=== Section Start ===

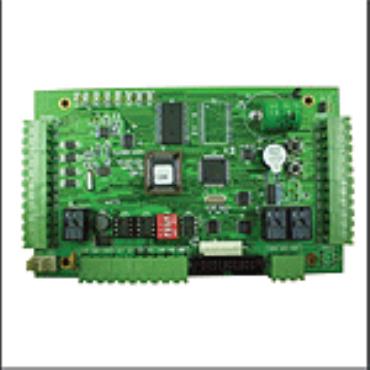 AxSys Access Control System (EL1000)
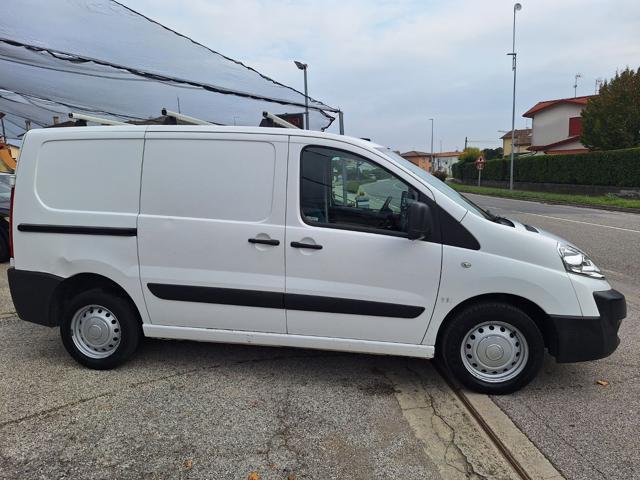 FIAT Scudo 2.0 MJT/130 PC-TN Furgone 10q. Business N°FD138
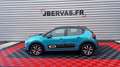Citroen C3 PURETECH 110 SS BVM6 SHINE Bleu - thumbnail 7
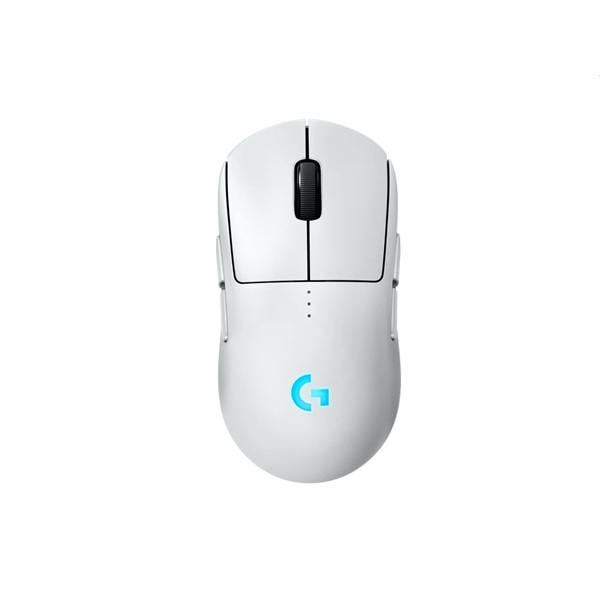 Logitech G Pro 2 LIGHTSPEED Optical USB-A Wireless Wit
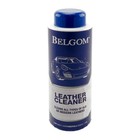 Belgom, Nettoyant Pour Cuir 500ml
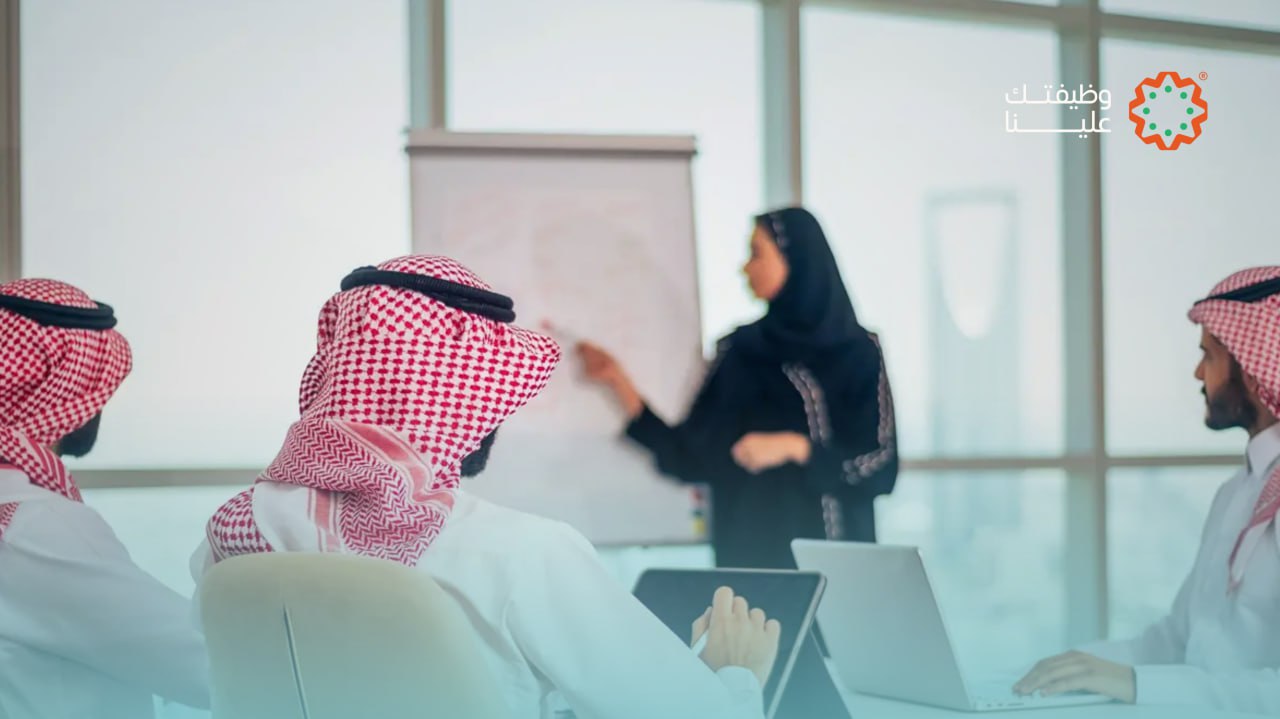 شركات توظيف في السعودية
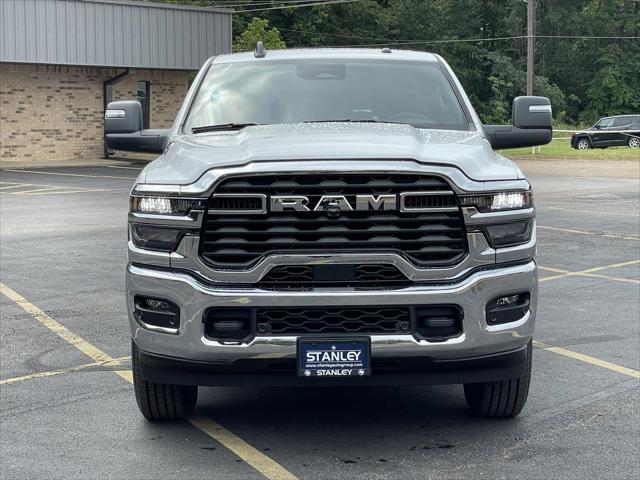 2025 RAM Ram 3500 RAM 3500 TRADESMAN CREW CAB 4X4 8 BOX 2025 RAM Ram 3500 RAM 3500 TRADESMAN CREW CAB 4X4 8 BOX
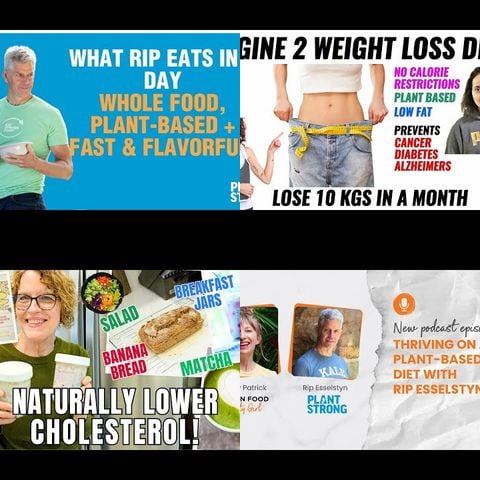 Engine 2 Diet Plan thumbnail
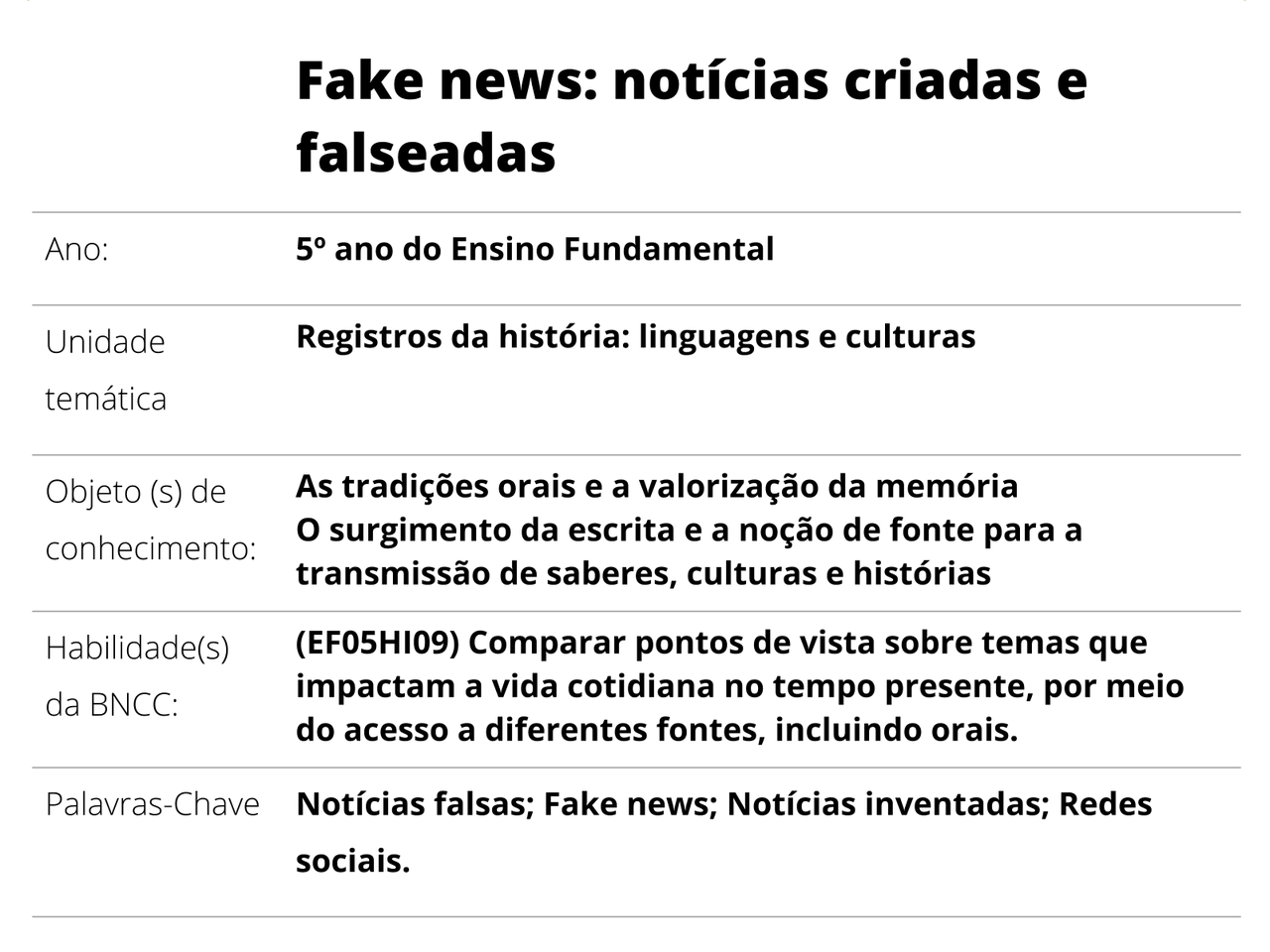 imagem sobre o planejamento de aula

=== Section End ===

### Aim of the task
Print again, word for word, every line from the line with "Belgom, Nettoyant Pour Cuir 500ml" to the final line of the records, inclusive; skip the pictures.

### Solved exercise
 Belgom, Nettoyant Pour Cuir 500ml
 شركات توظيف في السعودية
 2025 RAM Ram 3500 RAM 3500 TRADESMAN CREW CAB 4X4 8 BOX 2025 RAM Ram 3500 RAM 3500 TRADESMAN CREW CAB 4X4 8 BOX
 Engine 2 Diet Plan thumbnail
 imagem sobre o planejamento de aula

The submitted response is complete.